Un groupe de travail a donc effectué une analyse préliminaire de la question. Présidé par un ancien ministre des Finances travailliste, il se composait de 11 personnes, y compris 5 fiscalistes, dont 2 du groupe consultatif sur la fiscalité de Chartered Accountants Australia & New Zealand (CA ANZ). Le processus, entamé fin 2017, s’est appuyé sur des sondages d’opinion, des mémoires et des audiences publiques. Dans son rapport intermédiaire de septembre, le groupe a recommandé différentes options d’élargissement relatives à l’imposition du revenu du capital – tout en s’interrogeant sur la pertinence d’une imposition accrue des gains en capital. Le gouvernement compte intégrer les recommandations de la version définitive du rapport à son programme électoral : appelés aux urnes, les citoyens trancheront à l’automne 2020.

Selon John Cuthbertson, leader, Fiscalité, à CA ANZ, le mécanisme se démarque par son approche globale : toute modification doit tenir compte des incidences sur l’ensemble du code fiscal, ainsi que des répercussions sur les organismes de bienfaisance, l’épargne-retraite et l’environnement, entre autres. Pour le gouvernement, l’exercice prend la forme d’un « débat national sur l’avenir de la fiscalité ».

Ce processus remarquablement transparent a de quoi nous inspirer – et nous montrer qu’il n’est pas obligatoire d’attendre un demi-siècle pour remodeler le régime fiscal. Comme l’indiquent les récents énoncés de position de CPA Canada sur la nécessité d’un réexamen en profondeur, notre cadre fiscal est affligé d’un cortège de maux : perte de l’avantage au chapitre de l’impôt des sociétés depuis que Washington a baissé ses taux l’an dernier, barèmes et seuils d’imposition non concurrentiels pour les particuliers, importance disproportionnée de l’impôt sur le revenu… sans compter la complexité administrative.

Dans son énoncé économique de l’automne dernier, le fédéral a annoncé des mesures temporaires pour stimuler les investissements.

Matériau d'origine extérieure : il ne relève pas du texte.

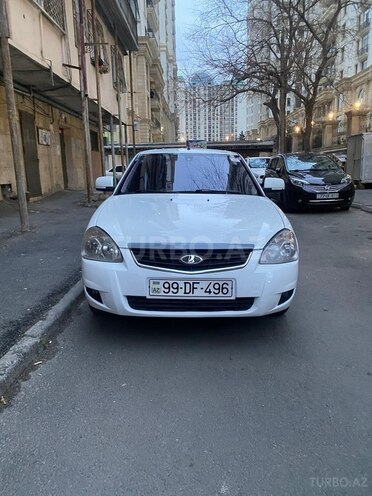 LADA (VAZ) Priora 2012, 268,000 km - 1.6 l - Bakı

Mais le pays a plutôt besoin d’un cadre construit à long terme, étayé par un ensemble rationnel et consensuel de principes, comme la simplicité, l’équité, l’efficience, la compétitivité, la transparence et l’examen périodique.

Le législateur néo-zélandais a cerné ce besoin au début des années 1990 et établi un forum neutre pour passer au crible la politique fiscale. Un forum qui a survécu à plusieurs gouvernements aux idéologies opposées. Le dialogue sur des sujets difficiles, que les partis préféreraient éviter, est donc possible. Pourquoi ne le serait-il pas chez nous?